**The task:** Pictures aside, every line of the listing should be given again exactly.

**Source material:**
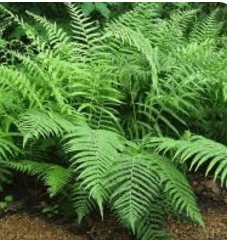 06038y80-7e4e-227x240.png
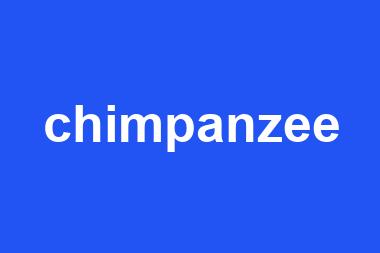 chimpanzee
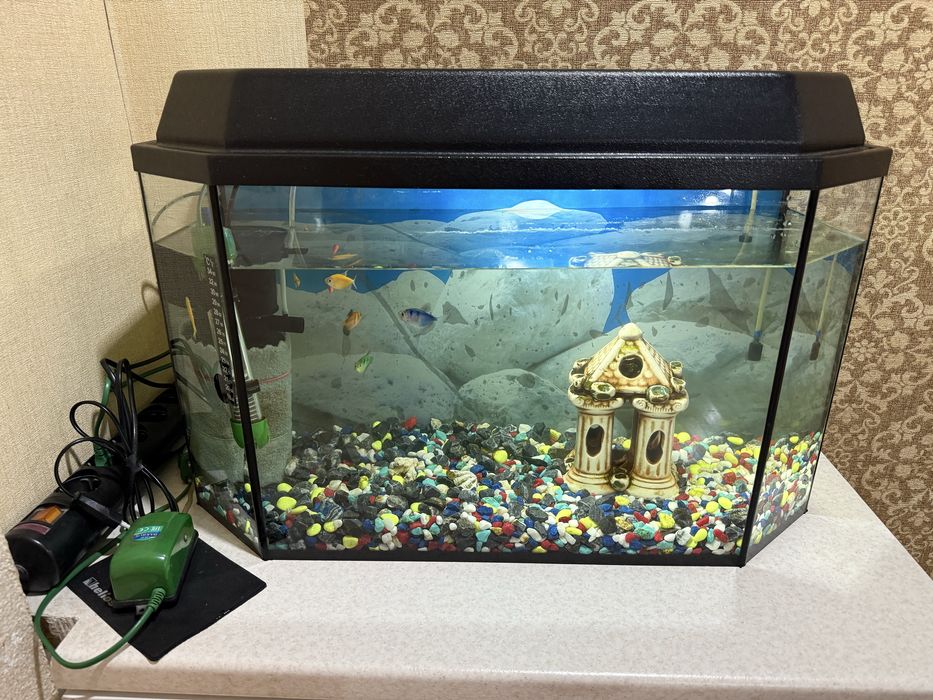 Срочно продам авкариум + тумбачка
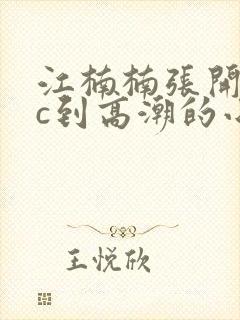 江楠楠张开腿被c到高潮的小说封面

**Response:**
 06038y80-7e4e-227x240.png
 chimpanzee
 Срочно продам авкариум + тумбачка
 江楠楠张开腿被c到高潮的小说封面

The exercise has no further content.